Descriminalização da maconha: quais são as implicações da decisão do STF?
Quantidade defendida pelo STF como de porte pessoal é capaz de causar dano grave à saúde mental
O Supremo Tribunal Federal (STF) tomou decisões importantes na semana passada sobre a descriminalização do porte de maconha para uso pessoal: não será considerado crime quem comprar, guardar, ter em depósito, transportar ou portar até 40 gramas de maconha ou seis plantas fêmeas para consumo próprio. A aplicação da decisão será nacional após a publicação do registro do julgamento, prevista para os próximos dias.

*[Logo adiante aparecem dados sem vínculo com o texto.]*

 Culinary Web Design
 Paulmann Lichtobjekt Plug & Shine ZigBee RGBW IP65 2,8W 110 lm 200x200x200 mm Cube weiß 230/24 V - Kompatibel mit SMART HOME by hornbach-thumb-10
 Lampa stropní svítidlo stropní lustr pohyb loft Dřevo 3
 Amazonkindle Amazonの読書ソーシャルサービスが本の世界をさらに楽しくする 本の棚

O porte de maconha continua sendo considerado um comportamento ilícito, mas as punições contra os usuários passam a ter natureza administrativa, e não criminal. Assim, deixam de valer a possibilidade de registro de reincidência penal e de cumprimento de prestação de serviços comunitários. Além disso, ficou definido o porte de 40 gramas como a quantidade de maconha que diferencia uso pessoal de traficantes.

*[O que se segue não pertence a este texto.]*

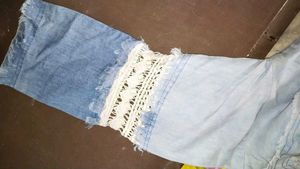 Denim Fringed Jacket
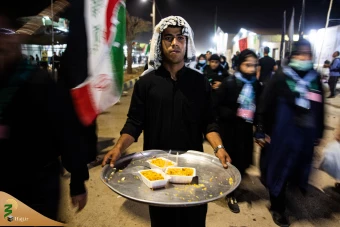 زائران اربعین حسینی در مرز چذابه 20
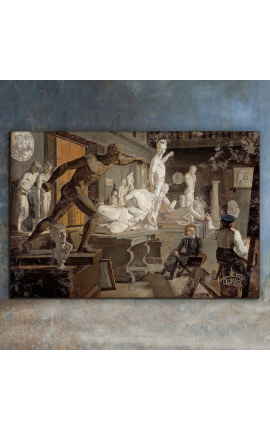Painting "Scene of the Academy of Copenhagen" - Knud Baade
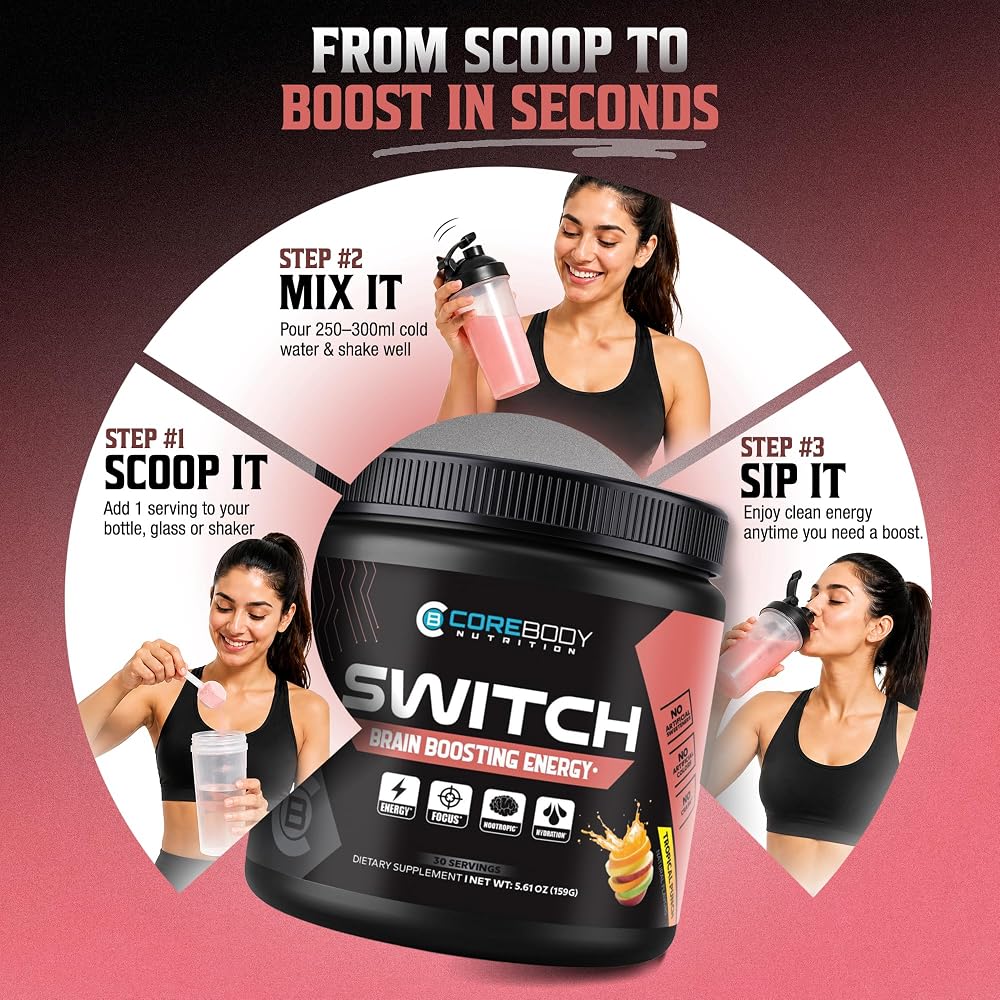 CoreBody Nutrition Switch Nootropic Powder for Memory and Focus - image 2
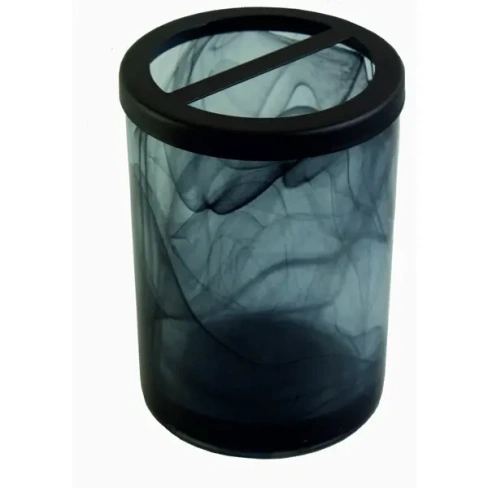 488743722 Подставка для зубных щеток Raindrops Shade стекло цвет черный RAINDROPS Shade Подставка
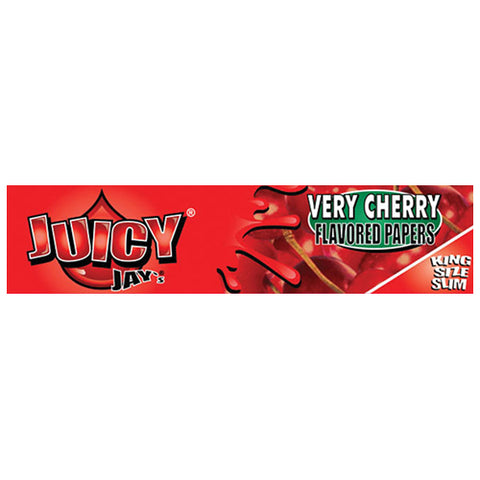 Juicy Jays Very Cherry King Size Slim Papers Pack of 24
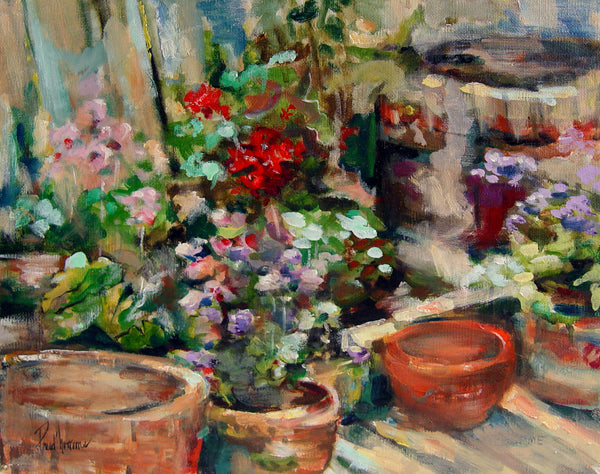 Impressionist Patio Garden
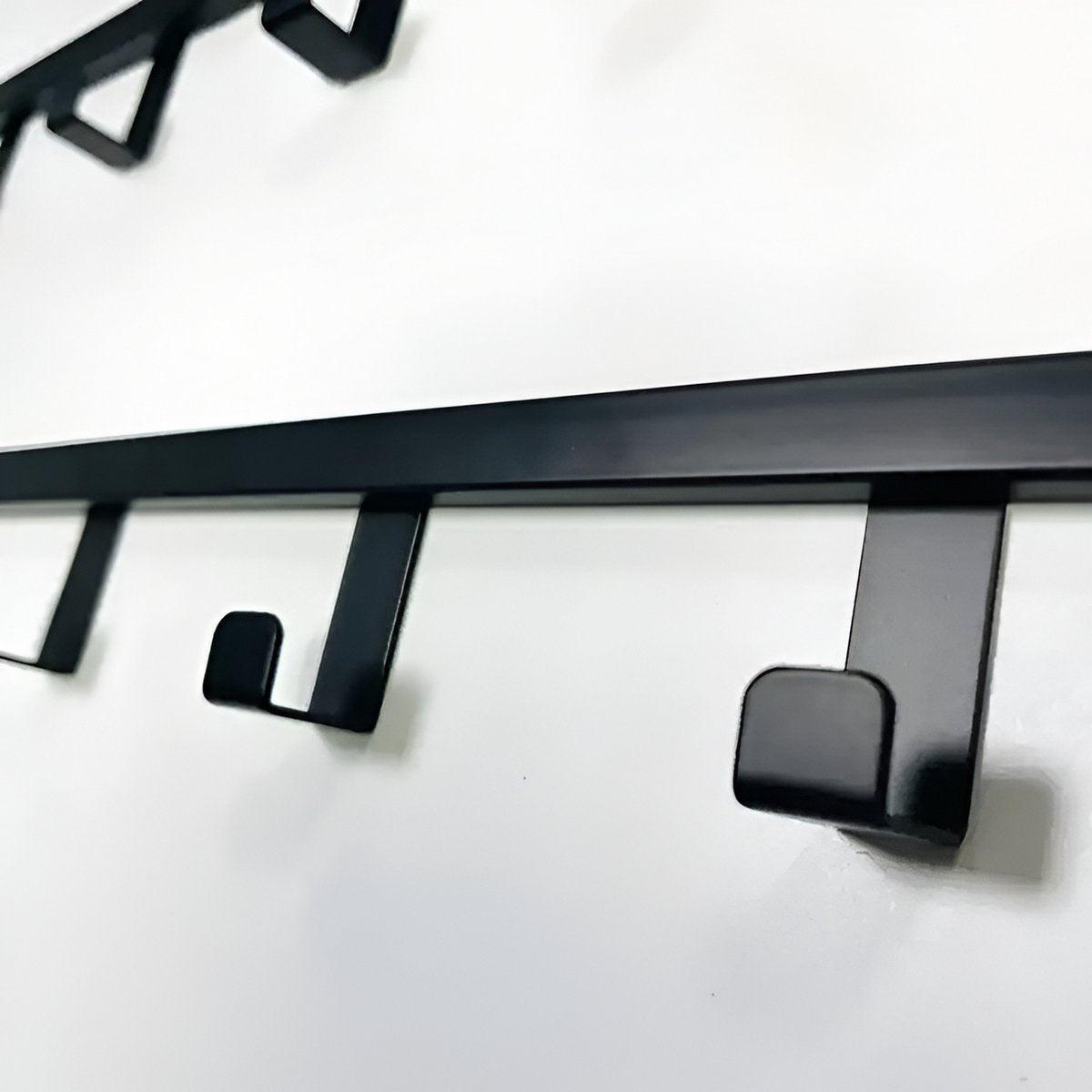 Wandgarderobe 9 Haken – Edelstahl – 50 cm – matt-schwarz | TOJ Living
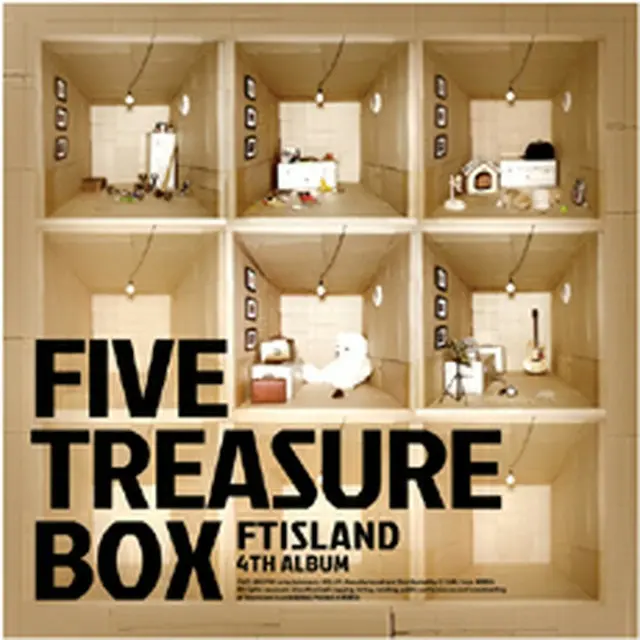 FTISLAND 『Five Treasure Box（4th ALBUM）』 韓国盤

As resoluções do STF, no entanto, escondem algumas consequências que podem não ser percebidas à primeira vista. Do ponto de vista médico, não é possível precisar a quantidade de maconha capaz de desencadear psicose, esquizofrenia e outros transtornos psiquiátricos. No entanto, aos olhos da lei, 40 gramas seria uma dose segura.
Quem tem alguma intimidade mínima com o assunto, é capaz de fazer as contas: 40 gramas podem render 40 baseados grandes ou até 120 cigarros mais finos. Não é preciso ser especialista para saber que trata-se de uma enormidade! Na tentativa de descriminalizar o usuário, acabou-se legalizando, por tabela, o traficante.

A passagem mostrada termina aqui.